# 2 Labs in GTA, ON need a home together...



## Bonni (Apr 12, 2005)

This e-mail was sent to me today by a woman who works with my mom. She is friends with the owner of these two beauties. Please see below for more details....

_*Adorable dogs…*_
_*I want them to find a good home! Feelfree to forward to others. Family losing home. Desperate to find loving home. Already housebroken, trained, love kids, neutered, up to date on shots....what more could you ask for. But must stay together. 

This family has lost their home and the apartment does not allow dogs.They are looking for a home for the two Labs.
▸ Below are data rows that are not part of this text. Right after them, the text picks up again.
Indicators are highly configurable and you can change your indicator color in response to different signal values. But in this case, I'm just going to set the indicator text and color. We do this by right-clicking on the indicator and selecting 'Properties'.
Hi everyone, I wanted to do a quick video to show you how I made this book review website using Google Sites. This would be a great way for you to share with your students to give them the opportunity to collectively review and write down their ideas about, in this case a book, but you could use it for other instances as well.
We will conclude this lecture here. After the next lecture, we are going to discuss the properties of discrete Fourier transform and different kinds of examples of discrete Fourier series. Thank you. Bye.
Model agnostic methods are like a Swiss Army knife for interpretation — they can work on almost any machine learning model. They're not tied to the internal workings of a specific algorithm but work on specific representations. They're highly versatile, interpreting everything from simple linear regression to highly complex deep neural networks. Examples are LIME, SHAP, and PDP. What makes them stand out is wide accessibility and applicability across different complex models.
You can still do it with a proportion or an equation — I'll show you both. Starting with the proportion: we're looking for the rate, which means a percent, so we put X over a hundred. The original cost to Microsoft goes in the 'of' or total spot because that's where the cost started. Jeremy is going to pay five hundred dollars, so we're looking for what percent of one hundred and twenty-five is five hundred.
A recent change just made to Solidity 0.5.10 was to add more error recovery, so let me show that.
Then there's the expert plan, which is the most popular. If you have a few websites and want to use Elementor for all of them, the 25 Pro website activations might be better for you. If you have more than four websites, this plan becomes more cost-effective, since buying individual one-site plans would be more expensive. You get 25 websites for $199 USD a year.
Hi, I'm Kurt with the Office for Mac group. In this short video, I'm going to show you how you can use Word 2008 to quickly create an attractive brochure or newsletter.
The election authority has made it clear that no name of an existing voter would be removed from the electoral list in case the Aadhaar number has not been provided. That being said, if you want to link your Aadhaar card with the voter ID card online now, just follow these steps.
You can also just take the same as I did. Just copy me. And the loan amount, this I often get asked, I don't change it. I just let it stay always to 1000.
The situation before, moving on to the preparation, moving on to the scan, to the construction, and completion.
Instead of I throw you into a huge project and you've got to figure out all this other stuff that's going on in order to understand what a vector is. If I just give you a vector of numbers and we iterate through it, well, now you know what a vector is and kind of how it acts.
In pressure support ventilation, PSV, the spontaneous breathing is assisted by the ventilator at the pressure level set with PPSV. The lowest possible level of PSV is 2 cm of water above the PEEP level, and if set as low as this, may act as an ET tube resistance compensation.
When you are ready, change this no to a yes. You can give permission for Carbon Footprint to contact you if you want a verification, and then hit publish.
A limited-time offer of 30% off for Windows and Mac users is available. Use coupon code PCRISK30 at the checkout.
See below.

As many of you know, we are moving in just 2weeks.Unfortunately, I have still not been able to find a good home for Cookie and Coco . We're not able to take our beloved doggies with us and I've been desperately trying to find a home for both of them 'together'. They were raised together and pine without each other. The Lab rescue have already said that they would probably separate them, so this is my last resort. 

Recently I tried to take Coco out in my car alone and she TOTALLY refused to even get into the car without Cookie.....!!!! She absolutely pulled back on her haunches until Cookie was by her side. Both doggies are in great health, have been spayed and have ID chips implanted under the skin. 
*_
_*Cookie turned 3 December 10th and Coco will be 3 April 1st. Cookie is my mellow-yellow, and just loves her tummy rubbed.. Coco is adorably funny and lives for her "ball". She also loves the water..... Cookie loves lots of attention. Both doggies are loyal and love to walk. They have been raised with my 3 kids running around all over the place, and have survived Sammy's constant hugging and love of 'dress-up', so they are fantastic family dogs. This is by far one of the most difficult decisions I have ever had to make, but under the circumstances I have no choice. 
*_
_*Please, Please forward these pics to all you know and help me find a great home for these fabulous doggies. They are just adorable and it's heartbreaking to let them go. In a perfect world, I hope that we could find someone local so that we can still keep in touch and visit them. I pray that someone, somewhere can help us keep Cookie and Coco together, and love them just as much as we do. Thank you all from the bottom of my heart.*_

_*Heather Walter*_
_*905-493-2254*_
_*[email protected]*_


----------



## mylissyk (Feb 25, 2007)

This an old email, the dogs have found a home several weeks ago.


----------



## GrafixMuse (Dec 28, 2008)

Paws & Effect: Finding Cookie and Coco a Home


----------



## mylissyk (Feb 25, 2007)

GrafixMuse said:


> Paws & Effect: Finding Cookie and Coco a Home


Great update, thanks.


----------